# Foam Filled Tires, DIY?



## snow game

I recently came across a way to foam fill your own tires. Does any one have more info on this, where it can be purchased and how well it works if you do it yourself? I recently got a quote for 270.00 per tire for my skid steer from a local shop to fill my tires, they say it gives a good ride and will actually make the tire wear less (not as quickly) because there is less heat build up.
Will I get double the life? 
If its cheaper to do it my self I don't mind purchasing a pump, I have plenty of machines to use it it on, just don't want to make a bad investment.


----------



## DaySpring Services

I'm not sure if it's true or not bad I have heard that your wheels are junk if you ever need new tire.


----------



## NICHOLS LANDSCA

First I have not filled tires myself. Second where are you getting your info? Ride better? Have you ridden in a skid with filled tires? Obviously not, the only way I'd fill my tires is if I was only ON road. You will get longer life but it isn't because of heat it's because there isn't as much flex/roll in the tire scuffing off rubber.
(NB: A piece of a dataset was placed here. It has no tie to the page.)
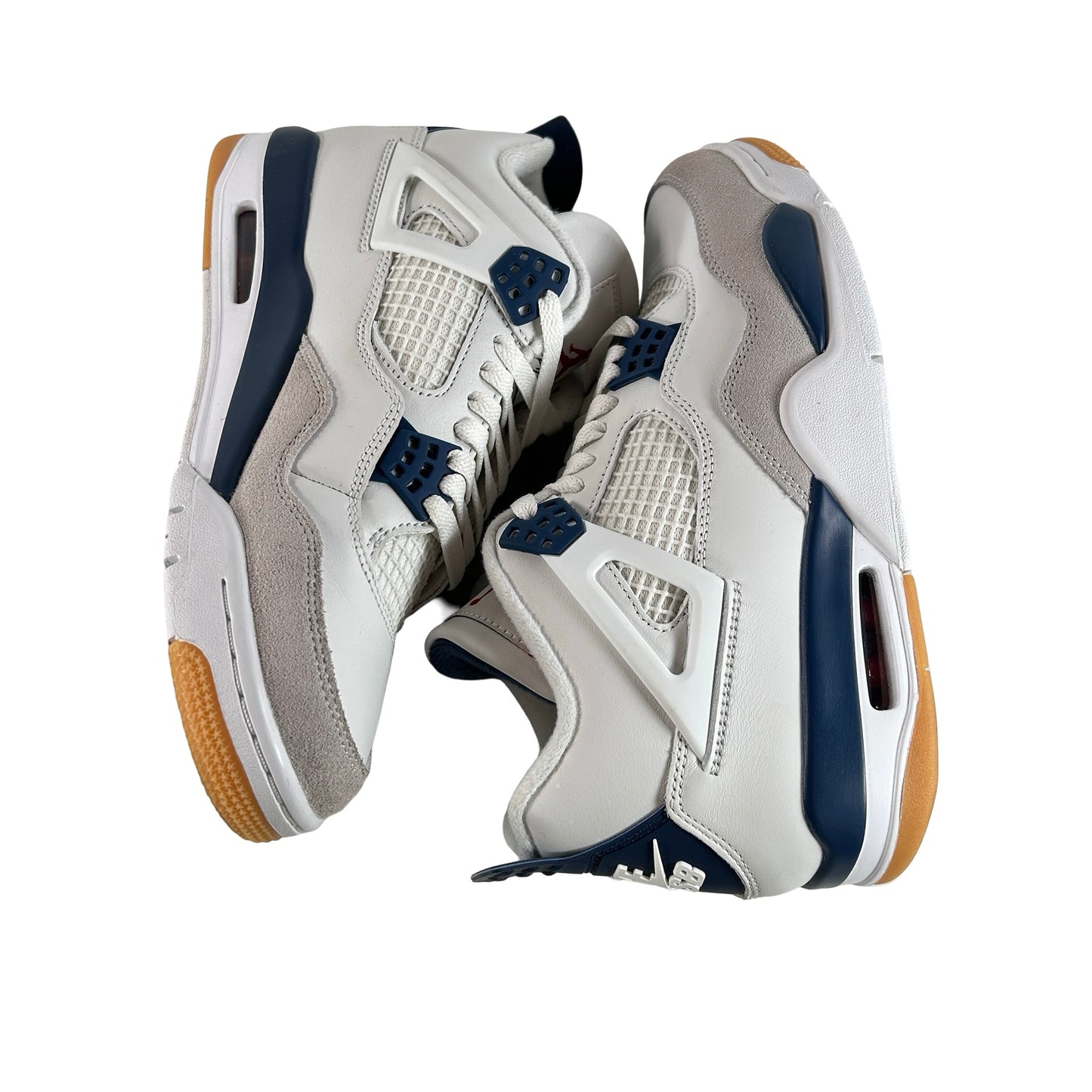 DR5415 100 Jordan 4 Retro SB Navy [USED] - 7.5 M (Used2)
You can reuse the rim the tire and foam has to be cut off.


----------



## snow game

Update! The product I saw on line I thought was a liquid that turned to foam. Not so, It is a liquid you pump into your tires and as you encounter leaks this liquid fill the puncture to prevent the tire from going flat. The pump runs 120.00 and a five gallon pail runs 118.00. the person I spoke to said I would need three quarts to do one 14 x 17.5 tire.


----------